Re: row filtering for logical replication

From: Dilip Kumar <dilipbalaut(at)gmail(dot)com>
To: Ajin Cherian <itsajin(at)gmail(dot)com>
Cc: Amit Kapila <amit(dot)kapila16(at)gmail(dot)com>, Euler Taveira <euler(at)eulerto(dot)com>, Peter Smith <smithpb2250(at)gmail(dot)com>, Rahila Syed <rahilasyed90(at)gmail(dot)com>, Peter Eisentraut <peter(dot)eisentraut(at)enterprisedb(dot)com>, Önder Kalacı <onderkalaci(at)gmail(dot)com>, japin <japinli(at)hotmail(dot)com>, Michael Paquier <michael(at)paquier(dot)xyz>, David Steele <david(at)pgmasters(dot)net>, Craig Ringer <craig(at)2ndquadrant(dot)com>, Tomas Vondra <tomas(dot)vondra(at)2ndquadrant(dot)com>, Amit Langote <amitlangote09(at)gmail(dot)com>, PostgreSQL Hackers <pgsql-hackers(at)lists(dot)postgresql(dot)org>
Subject: Re: row filtering for logical replication
Date: 2021-09-21 04:23:44
Message-ID: CAFiTN-uGr4jG2LTOz_nU2tKoPvgQSHoScMTsFaKVxbFeNAkvYA@mail.gmail.com
Views: Raw Message | Whole Thread | Download mbox | Resend email
Thread:
Lists: pgsql-hackers

On Tue, Sep 21, 2021 at 8:58 AM Ajin Cherian <itsajin(at)gmail(dot)com> wrote:
> > I understand why this is done, but I have 2 concerns here 1) We are
> > having extra deform and copying the field from new to old in case it
> > is unchanged replica identity. 2) The same unchanged attribute values
> > get qualified in the old tuple as well as in the new tuple. What
> > exactly needs to be done is that the only updated field should be
> > validated as part of the old as well as the new tuple, the unchanged
> > field does not make sense to have redundant validation. For that we
> > will have to change the filter for the old tuple to just validate the
> > attributes which are actually modified and remaining unchanged and new
> > values will anyway get validated in the new tuple.
> >
> But what if the filter expression depends on multiple columns, say (a+b) > 100
> where a is unchanged while b is changed. Then we will still need both
> columns for applying

In such a case, we need to.

> the filter even though one is unchanged. Also, I am not aware of any
> mechanism by which
> we can apply a filter expression on individual attributes. The current
> mechanism does it
> on a tuple. Do let me know if you have any ideas there?

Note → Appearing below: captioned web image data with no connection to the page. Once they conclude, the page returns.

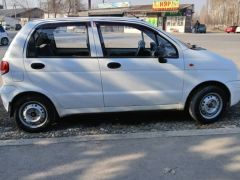 Photo of the vehicle Daewoo Matiz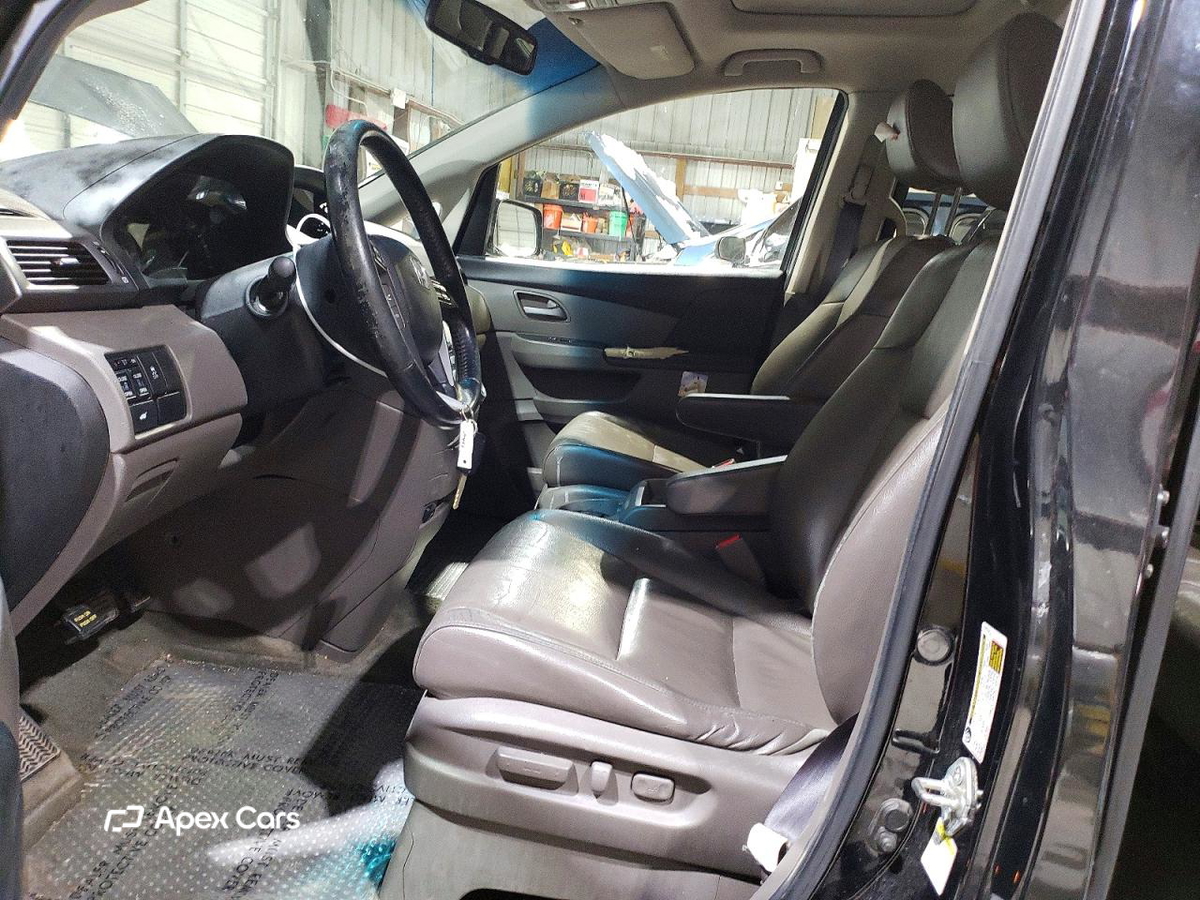 Honda Odyssey 2011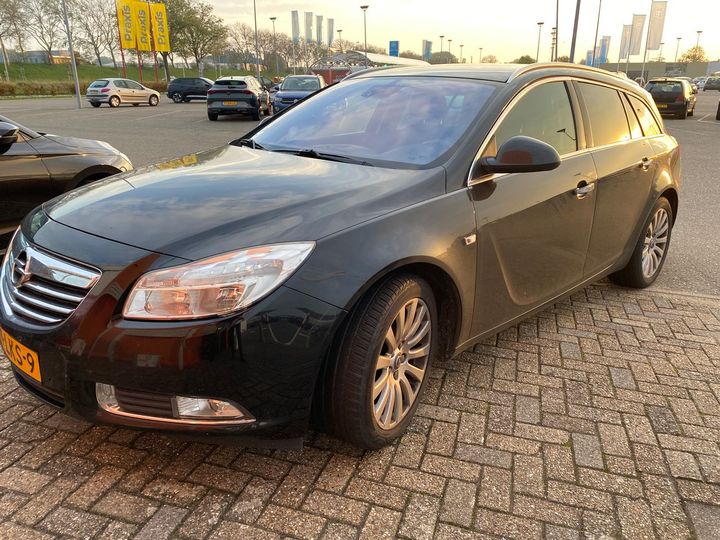 OPEL INSIGNIA SPORTS TOURER 2010 w0lgt8ee3a1094930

What I suggested is to modify the filter for the old tuple, e.g.
filter is (a > 10 and b < 20 and c+d = 20), now only if a and c are
modified then we can process the expression and we can transform this
filter to (a > 10 and c+d=20).

>
> Even if it were done, there would still be the overhead of deforming the tuple.

Suppose filter is just (a > 10 and b < 20) and only if the a is
updated, and if we are able to modify the filter for the oldtuple to
be just (a>10) then also do we need to deform? Even if we have to we
can save a lot on avoiding duplicate expression evaluation.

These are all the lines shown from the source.